If I held China in my hand, I would examine this Oriental jewel with some suspicion. For what at first sight appeared a trinket of rare value, proves upon closer inspection to have flaw within flaw within flaw. Yet, when it is held up to the light, so few care to see beyond the polished surface.
China is an excellent case study for examining how freedom interacts with economic action at a collective scale. We have been told, repeatedly, that freedom is not required in economic growth: a Faustian pact between party and people replaces the social contract of democracy. Freedom from fear is not a principle in this polity.
China has grown at a dizzying rate, with huge rates of investment and a radical transition to a market economy. Despite the leading role of the communist party, the law, economy and society have all been restructured along capitalist lines. The price mechanism and market investments have been allowed space to develop. But the boundaries of this space are arbitrarily carved out and prone to political direction via state control of financal investment at national and municipal level. China, as an economy, lacks the true ingredient of a free market: individuals and companies investing or spending according to their own needs. The free market has been replaced by the guiding hand of a technocracy, self-confident in their ability to read the economy and adjust lending requirements as appropriate.
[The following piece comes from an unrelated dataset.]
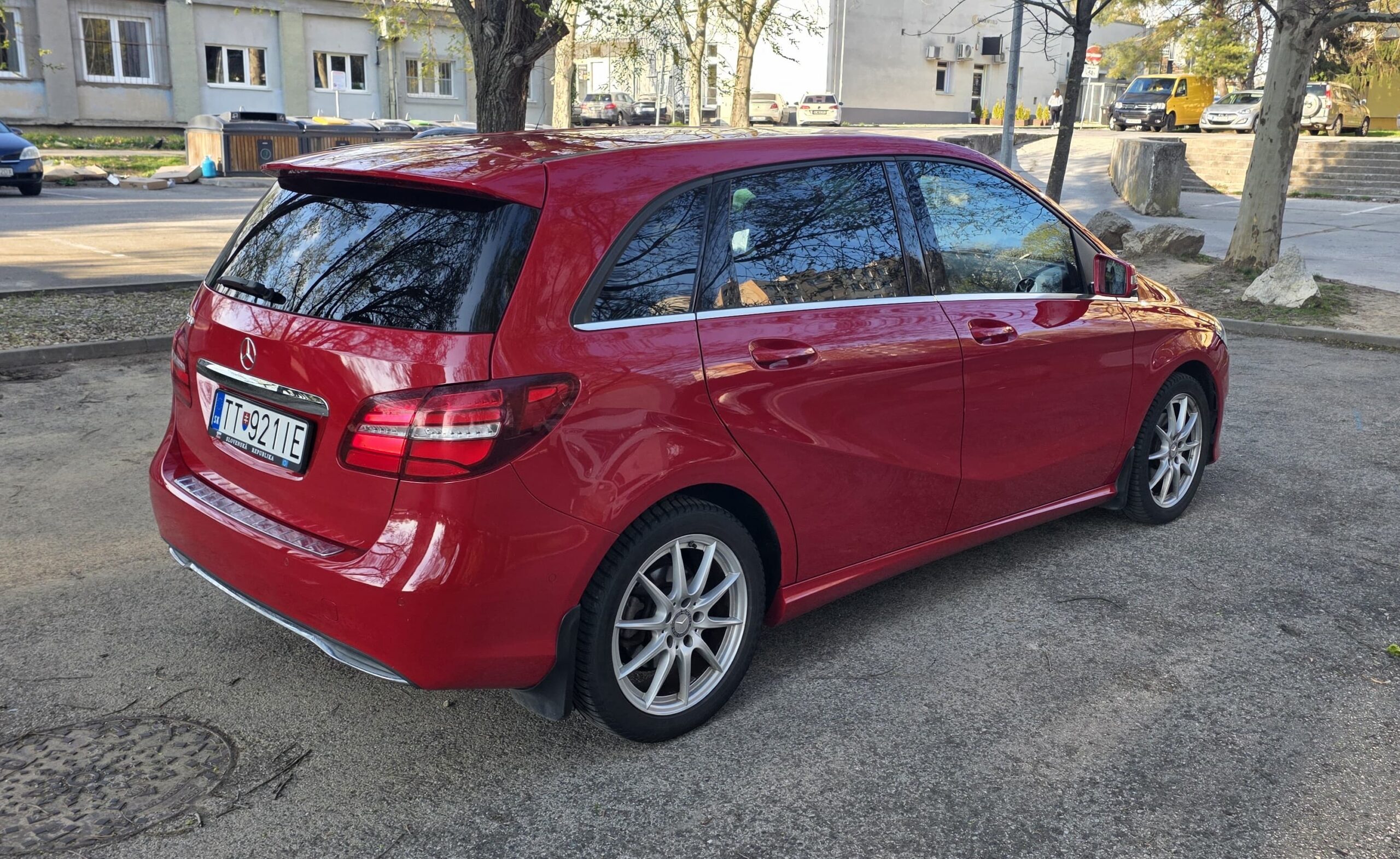 
								Mercedes-Benz B200 full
Planning may have been streamlined but it has not gone away. In such a system, planning decisions are magnified by an authoritarian regime. Bad decisions cannot be corrected via checks and balances or reversed at the ballot box. Malinvestment and bubbles are distorting waves that prevent any true understanding of the country's economic growth.
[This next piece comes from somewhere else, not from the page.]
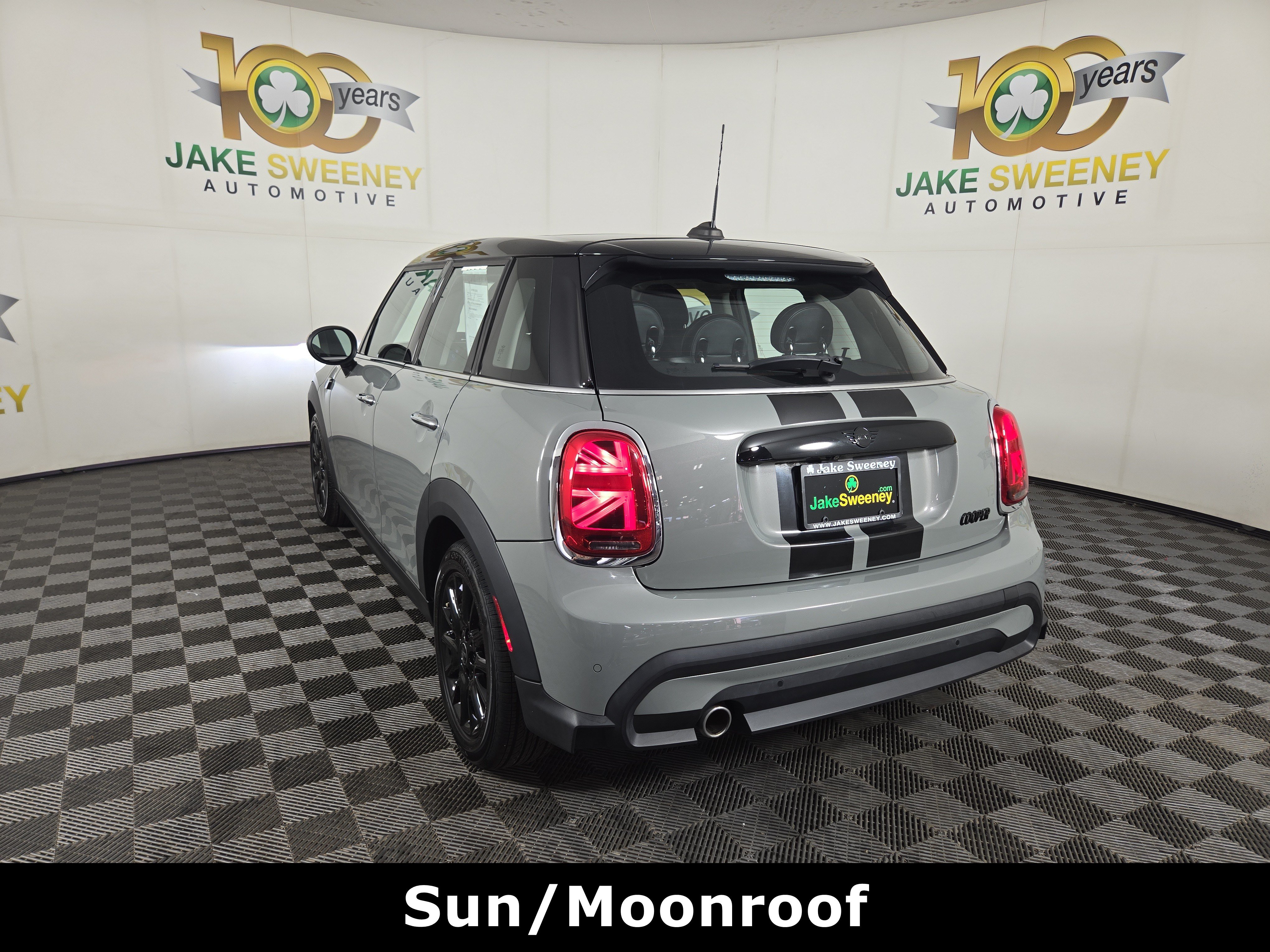 Used 2023 MINI Cooper 4-Door Hardtop FWD image 6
China is a test of how far authoritarian planning will disfigure and harm itself. Some argue that the country has the ability to shift from an exporting to a consumption model, while others view the political economy of party and planning as too difficult to reform. This political economy is increasingly febrile, and even China's leaders have started to compensate for this potential weakness.
The nationalist rhetoric and sabre rattling are compensations for a leadership that rests on two legs: foursquare for prosperity and national pride. One leg is crumbling under the auspices of the bubble, the other takes root as a new skin for the old men from another country. Bubbles burst and when they have no safety valve: blood beckons.